After all, really strict critics could contend that compression and delay are cheating, if taken to the extreme, but I don't think I've ever heard anyone take that position.
But to have it on constantly, on a lead vocal track, yeah, I'd have to say that's the equivlalent of musical perjury. It reminds of guitar players, who, just because they have a stompbox, like a chorus, think they have to have it on 100% of the time. It usually makes their guitar sound thin and buzzy, like some kind of deranged mosquito.
Look back up at my post, now look back down, you're on the Internet. Now look back up. I'm a signature.
A key change sounds awful when using a pythagorean scale because the intervals between the notes will not be the correct intervals. This is why we use an equally tempered scale. Every twelve semitones the frequency doubles, and each semitone is larger than the last by an unchanging ratio. Each semitone the same size. This means that we can start at any point in this sequence on semitones, and the scale we play will be reasonably in tune. It is equally in tune no matter what key you play in, but it's also equally out of tune. The scale is called 12 tone equal temperament, or 12TET
The pythagorean scale does not have equally spaced notes. As I recall, the notes will be slightly sharp after you go up an octave.
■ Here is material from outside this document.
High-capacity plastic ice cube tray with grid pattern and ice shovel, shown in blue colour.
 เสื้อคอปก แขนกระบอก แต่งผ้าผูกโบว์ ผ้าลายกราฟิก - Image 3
The farther you go, the sharper you get, making the scale play out of tune over large intervals.
A choir sings in tune because each singer adjusts their pitch slightly to make the current chord in tune.
Pianos and guitars have a hell of a time playing in tune, because they can't make minor pitch adjustments like a singer can. A piano tuner tunes the low strings slightly flat and the high strings slightly sharp (that may be backwards) to compensate for the imperfect intervals inherent in 12TET. A guitarist can't adjust, since that would require different fret spacings for each string and rule out frets that go straight across. It would be hard to play, and bends would be out of the question.
He's probably heard it called the "Cher effect", otherwise, why would he have said it. Maybe you just haven't heard it called that.
Ahhh.... Now on to musical differences. I do agree that pich correction is a lazy cheat. It's a way to avoid the mountains of practice required to obtain skill. Those years are important, because in them, you learn much more than how to sing the right pitch. You get a lot more out of them than mere technical skill.